ItemConfirmed detail
CampaignREF6598
Initial lureFake VC outreach on LinkedIn, then Telegram
Main abuse pointObsidian shared vault plus Shell Commands plugin
User interaction neededVictim opens vault and enables community plugin sync
Windows payloadPHANTOMPULSE RAT via staged PowerShell and loader
macOS branchObfuscated AppleScript with Telegram fallback
Main targetsFinancial and cryptocurrency sector users

Elastic is the primary source for each of these points.

What security teams should do

  • Keep Obsidian in Restricted Mode unless a business need requires community plugins.
  • Restrict or review community plugin use in managed environments, especially plugins that can run local commands.
  • Hunt for child processes spawned by Obsidian or other Electron-based apps.
  • Look for file or path activity tied to obsidian-shellcommands artifacts.
  • Block or investigate the infrastructure and indicators published by Elastic.
  • Use behavior-based EDR rules, not only signature-based file scanning, because the final Windows stage loads in memory.

FAQ

What is being abused here?

Attackers are abusing Obsidian’s community plugin ecosystem and the Shell Commands plugin, not a newly disclosed Obsidian software bug.

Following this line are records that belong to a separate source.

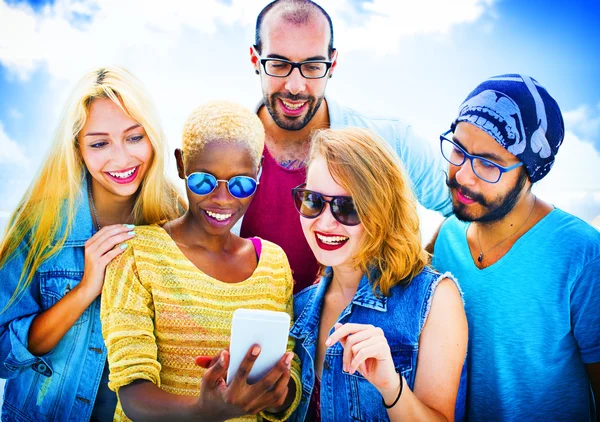Diverse group of Summer Friends Concept — Stock Photo, Image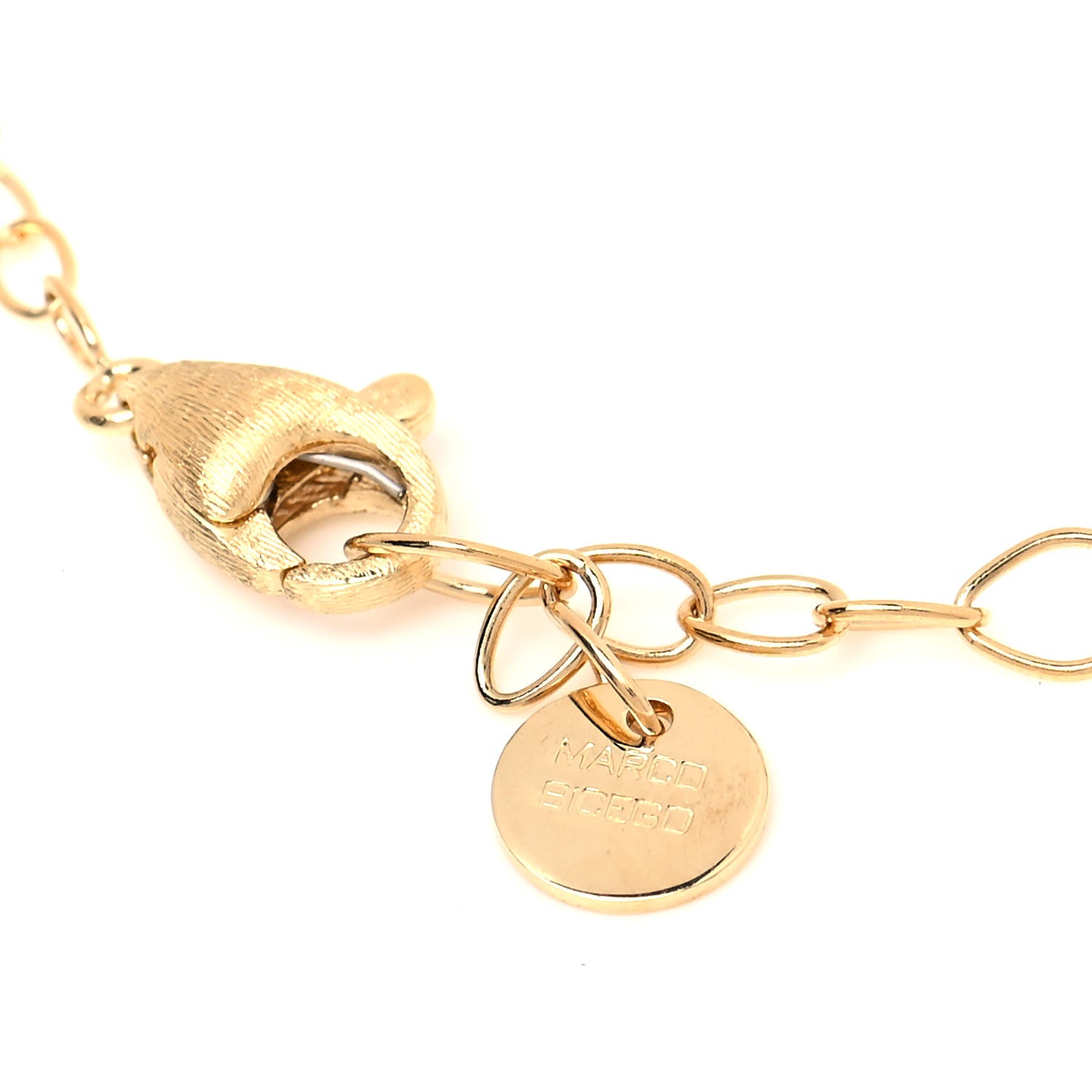 Marco Bicego 18K Yellow Gold Diamond Mother of Pearl Lunaria Bracelet 4 of 5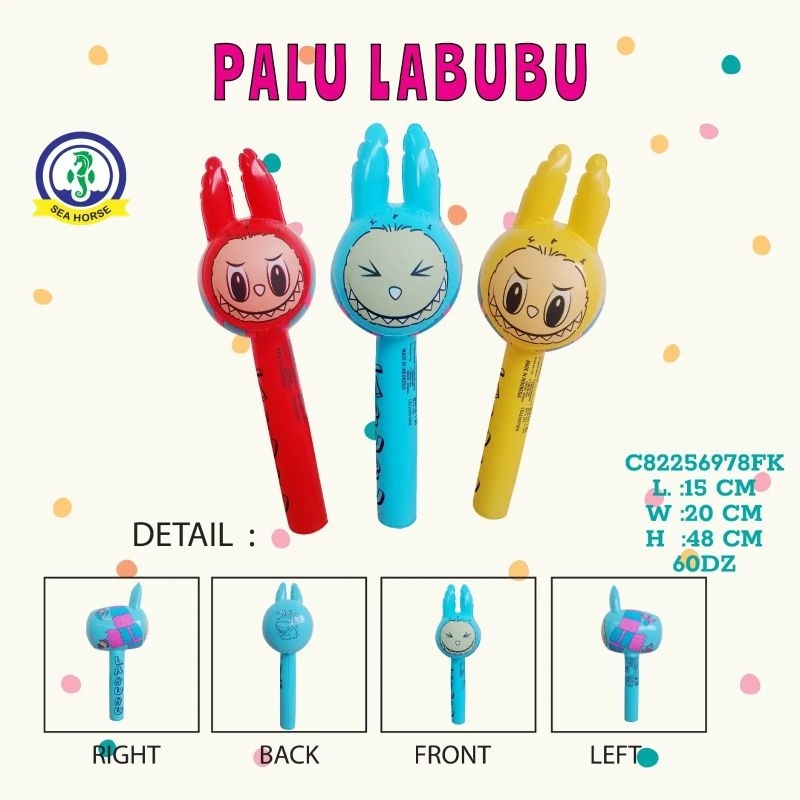 Labubu Head Hammer Inflatable Toy | Shopee Philippines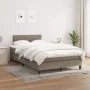 Box spring bed with gray taupe fabric mattress 120x190 cm by , Beds and slatted bases - Ref: Foro24-3269741, Price: 383,15 €,...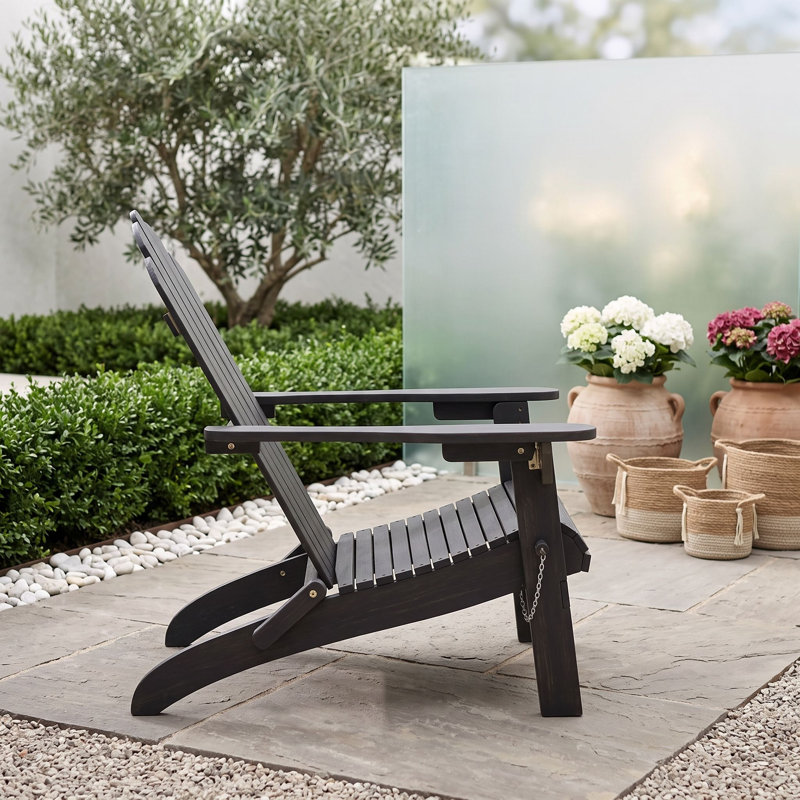 Outdoor Lounge Chair, Gris foncé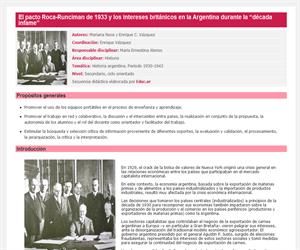 El pacto Roca-Runciman de 1933 y los intereses británicos en la Argentina durante la "década infame"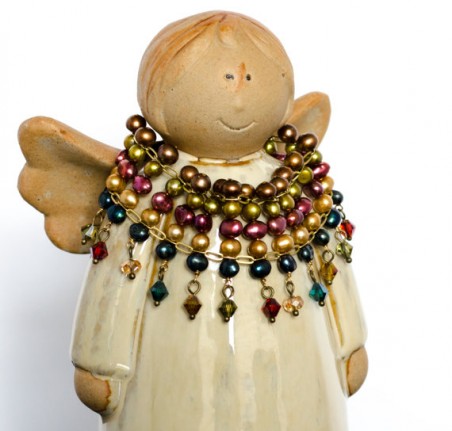 Bracelet "Pearly Tourmaline" - isn't she cute?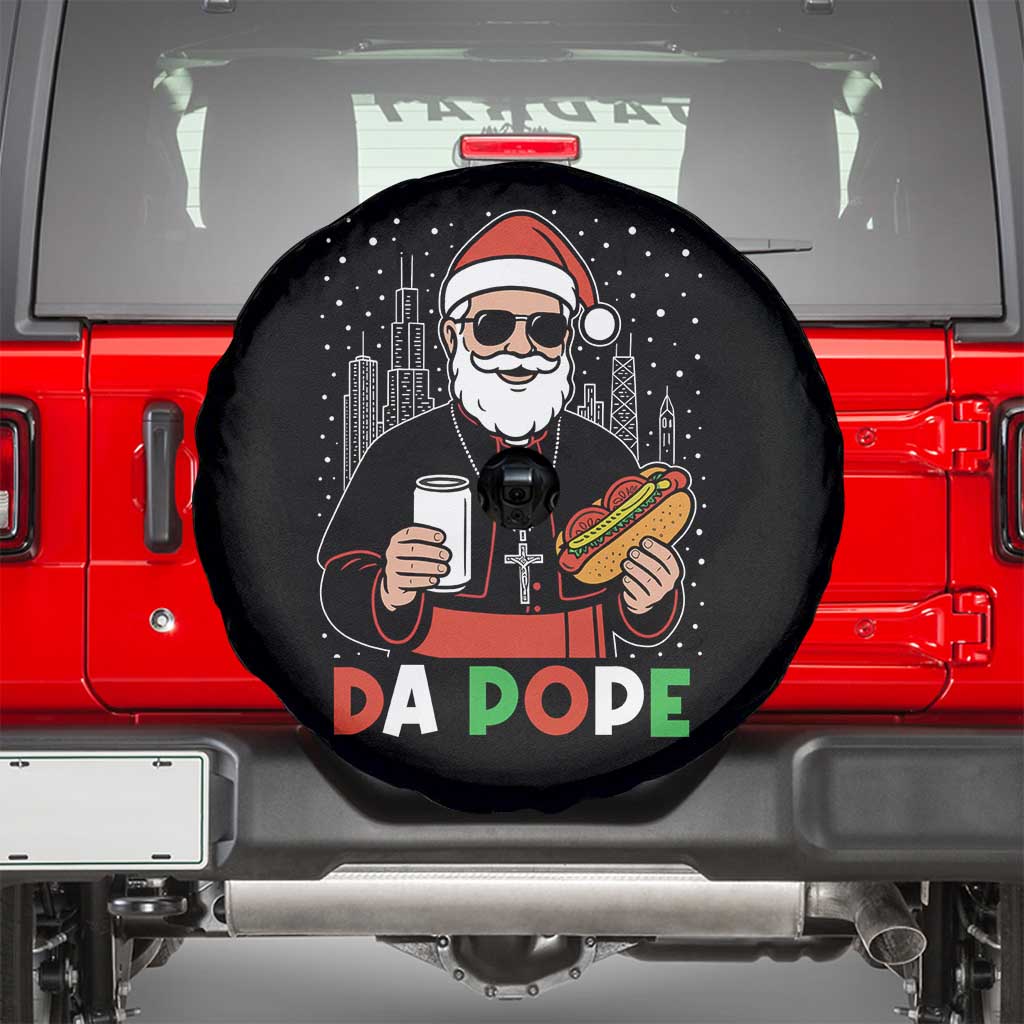 Pope Leo XIV Christmas Spare Tire Cover Cardinal Robert Prevost Santa Chicago - Wonder Print Shop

Elastic says the attack depends on social engineering and a malicious shared vault.

Does the victim need to click anything after opening the vault?

Elastic says the malicious plugin configuration executed when the vault was opened after community plugin sync was enabled, so no extra interaction was required at that stage.

Why is this harder to detect than a normal malware dropper?

Because the chain uses trusted software behavior, legitimate plugin capability, and in the Windows path an in-memory final payload that avoids writing the last stage to disk.

What is the main defense lesson?

Treat plugins and synced app configurations as part of your attack surface. Obsidian’s own documentation warns that community plugins can access files, connect to the internet, and install programs, so teams should apply the same scrutiny they would use for scripts or admin tools.